D’altronde di alberghini puliti ed economici sembrava piena la Francia. Di solito con 30.000 lire si dormiva. Una volta trovammo un alberghetto, accanto al castello progettato da Leonardo da Vinci (ma guarda un bischero di Empoli quanto ha girato…) dove ci davano una camera per 15.000 lire. Solo che si riusciva ad entrare nel cesso solo a marcia indietro, e sotto il letto erano ammucchiati ogni genere di rifiuti: lattine, cartoni della pizza e… non indagammo oltre. Riagganciammo le valige alla Becky e scappammo.
Quello che costava veramente tanto, invece, erano i ristoranti. Noi ovviavamo pranzando quasi sempre negli immancabili Mec all’ingresso di ogni paesino, anche piccolissimo. Il nostro fermo intento era di riuscire a farci venire un fegato come pugili senza durare fatica in palestra.

La mattina del 10 agosto, il giorno prima dell’eclissi, perdemmo un po’ di tempo a fotografare la famosa ansa della Senna: d’altronde la pioggia non mi aveva quasi mai dato l’opportunità di tirare fuori la macchina fotografica, e qualche ricordo volevamo pure portalo a casa…
Ripartimmo cercando di tenerci lontani da Parigi, ma quasi subito ci sorprese l’insolito traffico di auto per le strade secondarie che percorrevamo di solito. Dopo 200 km al massimo, cominciammo a pensare che qualcosa non andasse, e ci tornò in mente di colpo: l’eclissi di sole!
Quei ragazzi a Sant Malo ci avevano avvisati del movimento di persone che avrebbe causato, tutti ammassati e prenotanti da mesi ogni singola camera di albergo, pensione, topaia, sottoscala o brandina come neanche nei giorni del motomondiale al Mugello.
Cominciammo a fermarci dalla tarda mattinata in ogni paesino, affacciandoci ad ogni albergo per chiedere se avevano posto. La risposta era sempre la stessa: “pà de plas”.
Io avevo istruito mia moglie, che di solito manda avanti me, perché scendeva più rapidamente.
“devi chiedere: -avevù de plas?-“
“e se poi mi dicono –ui-?”
“tanto ti dicono di no”
“e di no come lo dicono?”
Intanto, ovviamente, aveva ricominciato a piovere.
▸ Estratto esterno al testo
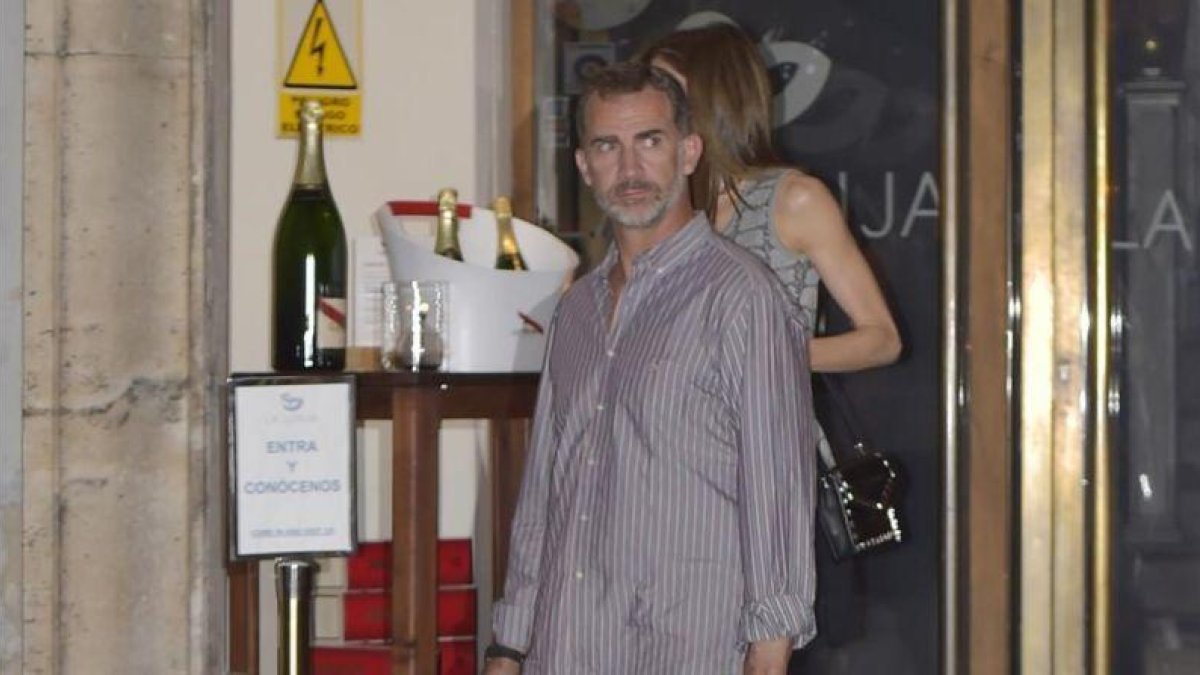 Felipe y Letizia, en el restaurante La lonja de mar, en Madrid.-GTRES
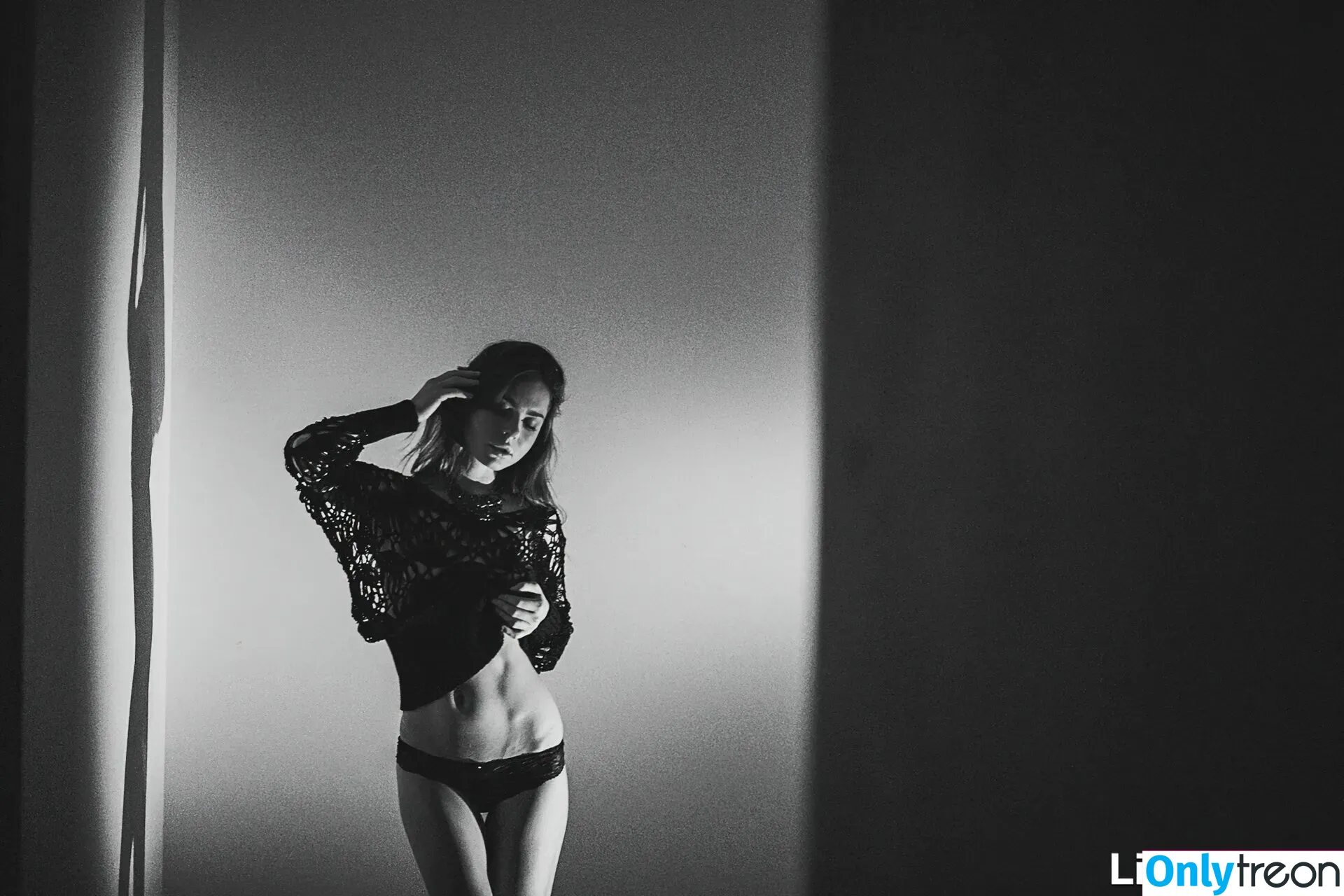 Guerlain nude photo #0401 (Anastasia S / Dominika / Lili / Lily C / Lily Chey / Nasty Q. / lea_guerlin / sia89)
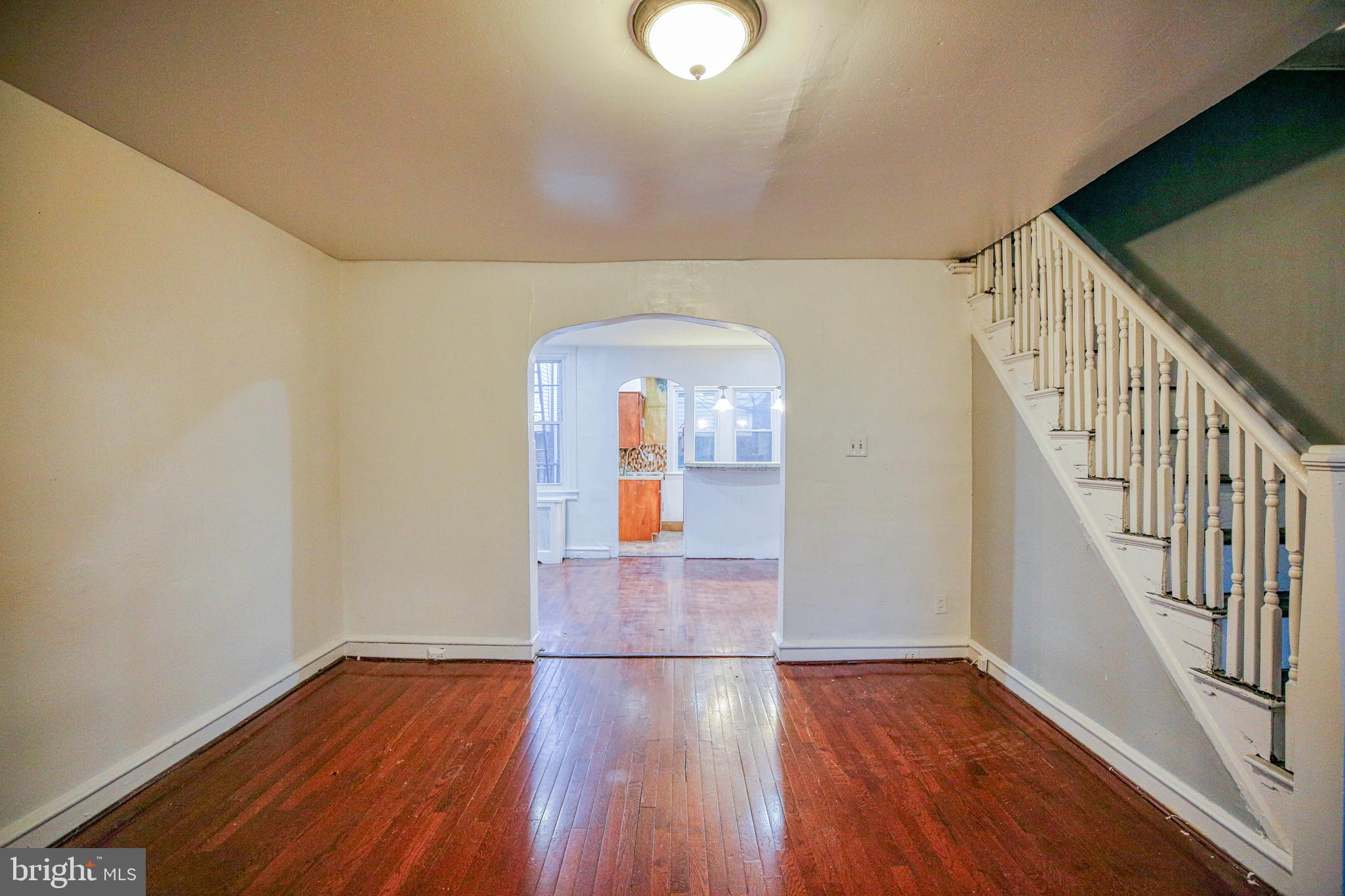 307 Greenway AVENUE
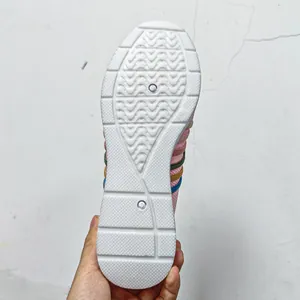 Nahaufnahme der rutschfesten weißen Gummisohle mit Wellenmuster auf Flyknit-Sneakern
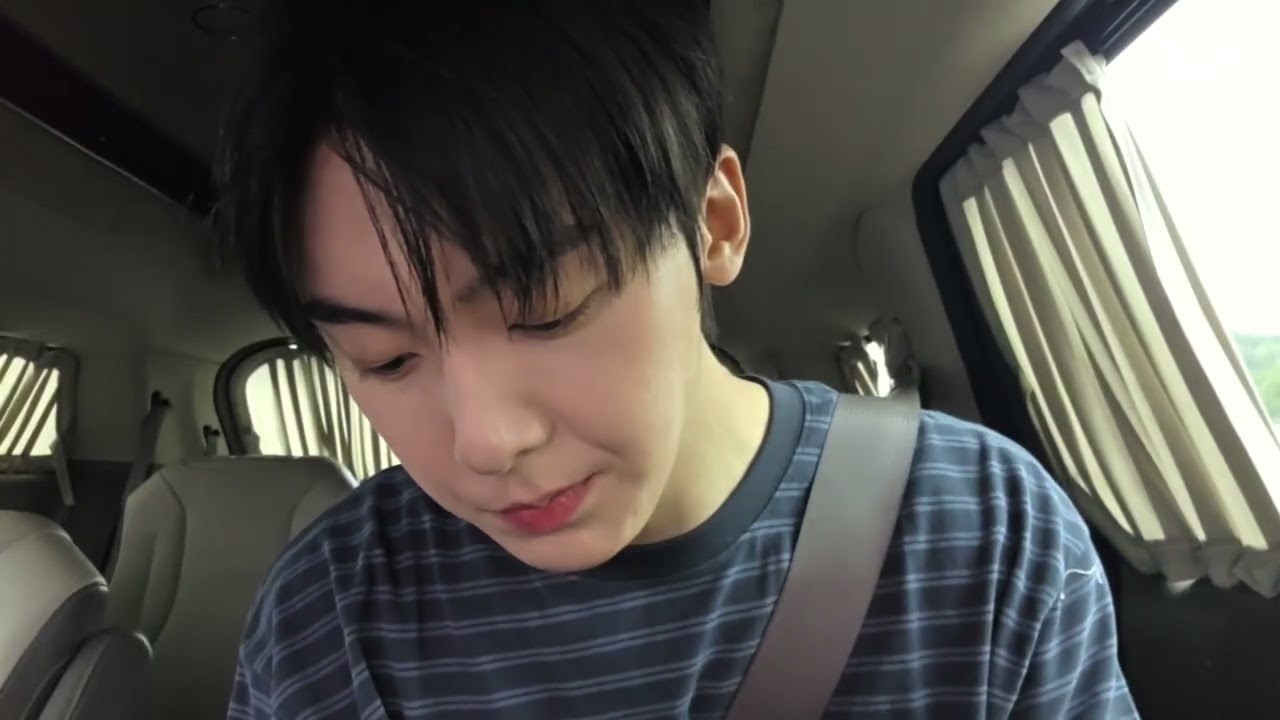 ユンサナ　yoonsanha y chapter SUB] 260519 윤산하 YOONSANHA WEVERSE LIVE: 김밥 닭강정 뇸 - YouTube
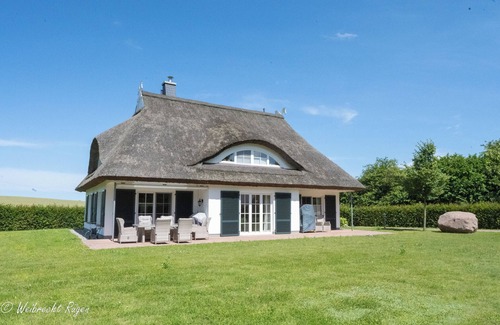 Puddemin House | Vacation home Lindenfels in the south of the island of Rügen
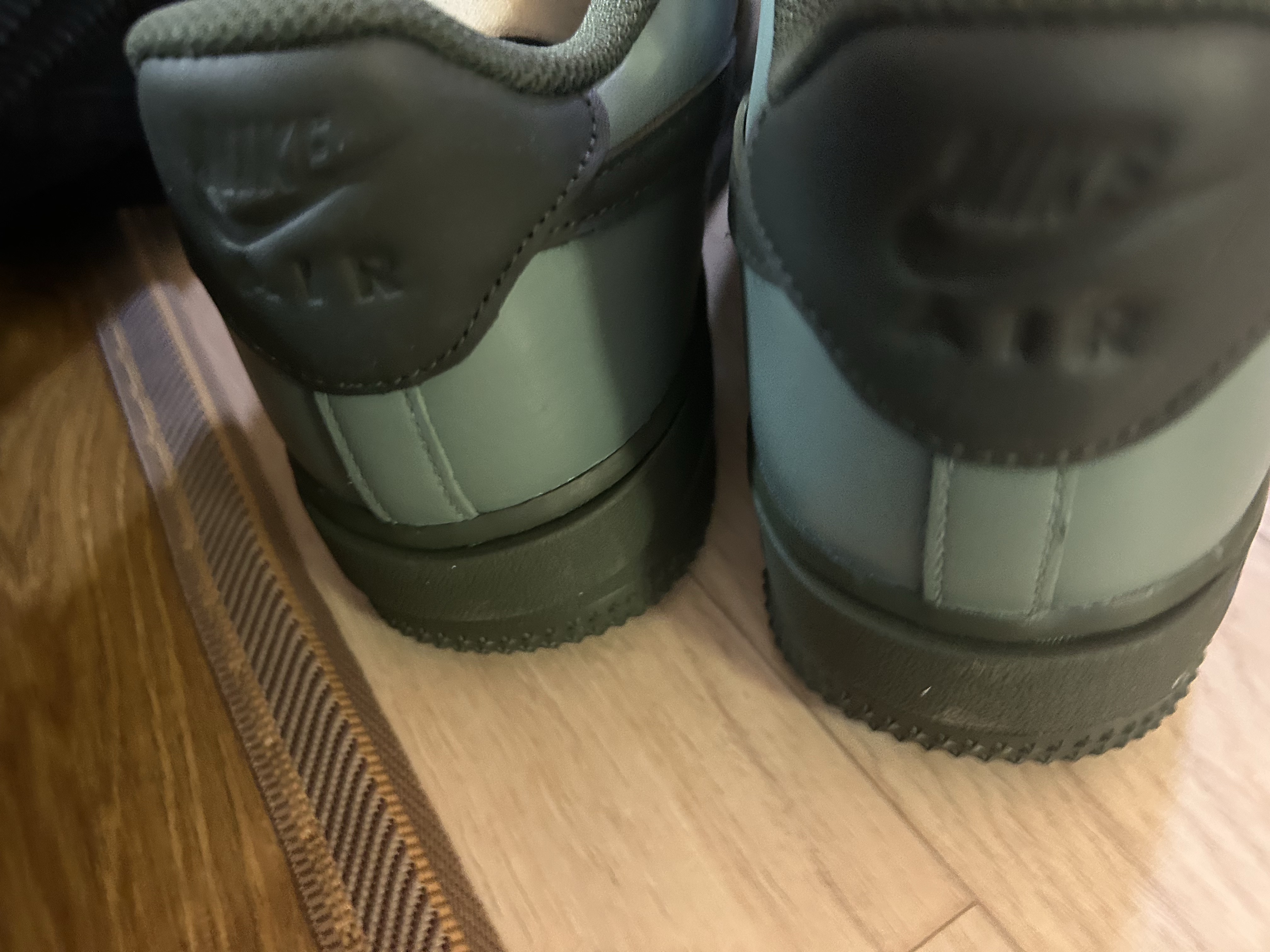 Nike Air Force 1 Low Gore-Tex Vibram Clay Green 착용 스타일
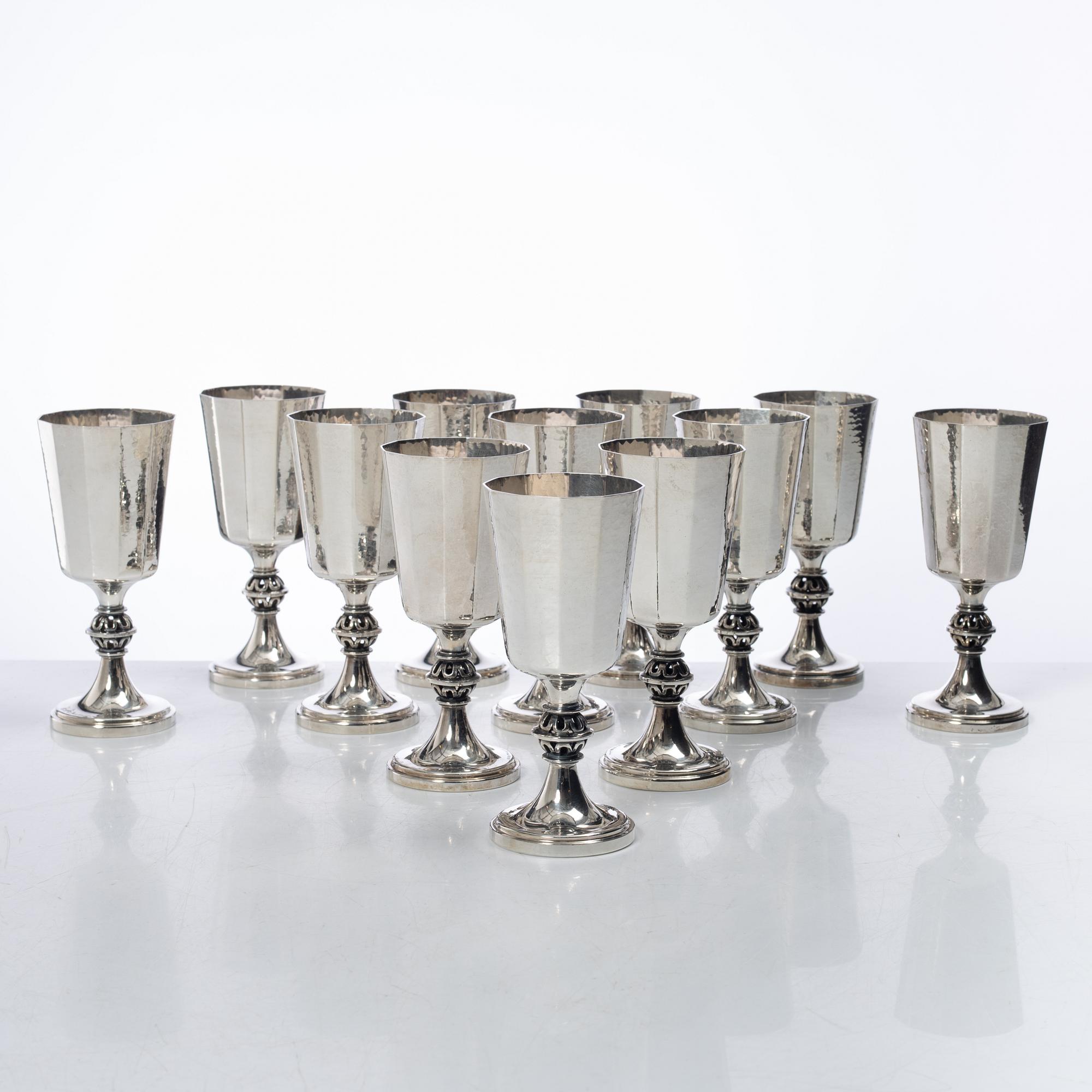 Eric Löfman, A set of twelve silver wine glasses, KG Markströms, Uppsala 1977-1978.
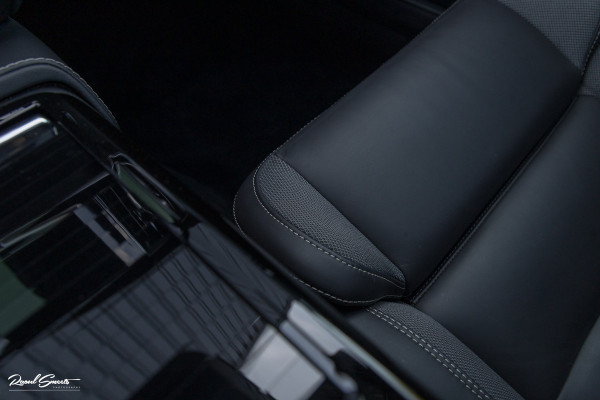 Volvo V60 2.0 T8 Plug-in hybrid AWD Ultimate Dark Long range | Panorama dak | Adaptieve cruise | Blis | Memory | Harman Kardon |
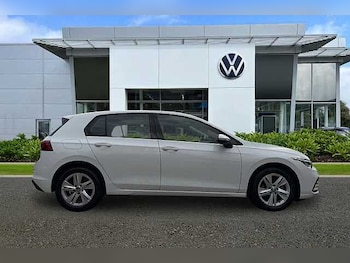 Used Volkswagen Golf 2024 for sale - 78473590: Photo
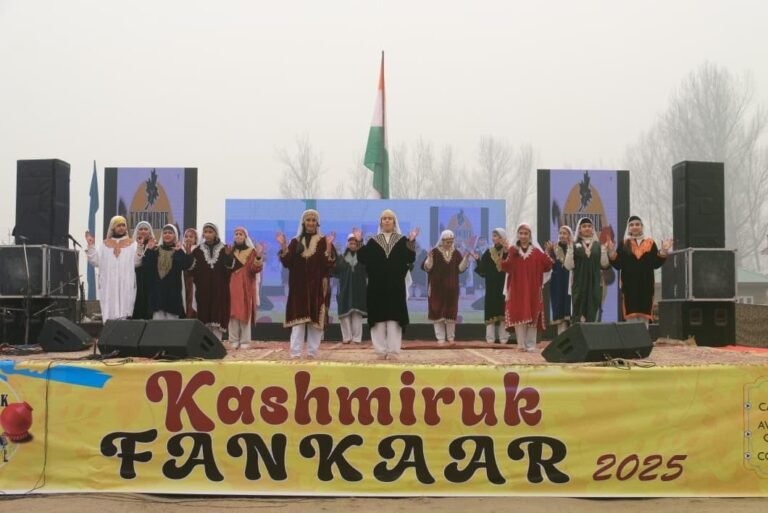 Chinar Corps organises ‘Kashmiruk Funkar – season III’ to empower youth, promote cultural harmony in Bandipora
Tenevo la cartina incastrata dietro il cupolino della moto. Mi fermai per consultarla, ormai indifferente all’acqua che scendeva.
“Eh, ma così mi si bagna la cartina!”
Ci mettemmo a ridere cercando una tettoia per ripararci, e decidemmo che l’unica cosa sensata da fare era di cercare di allontanarci più possibile dall’area del 100%, sperando di trovare meno folla.
A sud!
Quando sei da solo, dentro il casco, in compagnia dei tuoi pensieri, assapori spesso un senso di calma e serenità che poche volte si ha occasione di sperimentare, in condizioni normali. Ma se cominci a farti delle seghe mentali, a preoccuparti per qualcosa, la tensione, il non poter condividere l’ansia con nessuno, cresce come panna montata. Mi sentivo in colpa per la mia abitudine di non voler mai prenotare niente, di voler vivere l’avventura a qualsiasi costo. Ero preoccupato e mi sentivo responsabile per la mia compagna, per quello che poteva succederci a stare di notte in giro, senza un tetto, sotto l’acqua. Cominciai a prendere in considerazione tutte le eventualità, fra le quali la chiesa ( ma avete mai visto una chiesa aperta di notte?), la Gendarmeria, la stazione, la panchina nel parco (sempre che non piovesse). Nella maggior parte dei casi mi vedevo derubato da un tizio col coltello o la siringa, che si allontanava con le chiavi della mia Becky mentre io mi raccomandavo che le facesse il tagliando fra 3000 km.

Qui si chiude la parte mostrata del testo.